Continuing the countdown of the top 40 players on the Atlanta Falcons, let’s break down the second best player in cornerback Desmond Trufant.
To read about the methodology in how these rankings came about, you can click here.
Total Score: 92.5/100
Last year’s rank: 4th
Player Grade: 80/100
Teams he is starter: 32 out of 32
Teams he is best position player: 27 out of 32
Teams he is role player: 32 out of 32
Peak-Year Bonus: +3
Positional Bonus: +4
Honestly, I was a bit reluctant to crown Trufant after his solid rookie season. While he certainly was deserving of the high praise he received after 2013, it was going to be pivotal for me to see how he fared against the many top wide receivers he would face in 2014. Potential early-season matchups against top wideouts like A.J. Green, Calvin Johnson and Brandon Marshall compelled to wait and see before officially placing Trufant among the elite corners in the NFL.
Of course Trufant handled himself admirably, cementing himself as one of the best cornerbacks in the process. While the “shutdown” cornerback doesn’t really exist in today’s NFL, there is “field-tilting” corner. That is one that is so able to lock down the receivers on his side of the field, that it forces the opposing offense to adjust and allows his defense to funnel things to the opposite side of the field. Trufant was able to prove that he belonged in this special class of cornerback last season.

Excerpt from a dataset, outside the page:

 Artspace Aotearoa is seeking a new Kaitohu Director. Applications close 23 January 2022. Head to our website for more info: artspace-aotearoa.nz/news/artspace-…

A defensive coordinator loves a cornerback that he can trust to put on an island in man coverage because it frees him up to do more things with the other 10 players on defense. Trufant allowed just that in the second half of the season when the Falcons asked him to often shadow the opposing team’s No. 1 receiver. It did lead to him getting beat more often than he had in the first half of the season when he was stationed on the left side of the defense exclusively. But Trufant more than handled his own against players like Kelvin Benjamin and Josh Gordon, with Pittsburgh’s Antonio Brown being the lone player that really gave him fits.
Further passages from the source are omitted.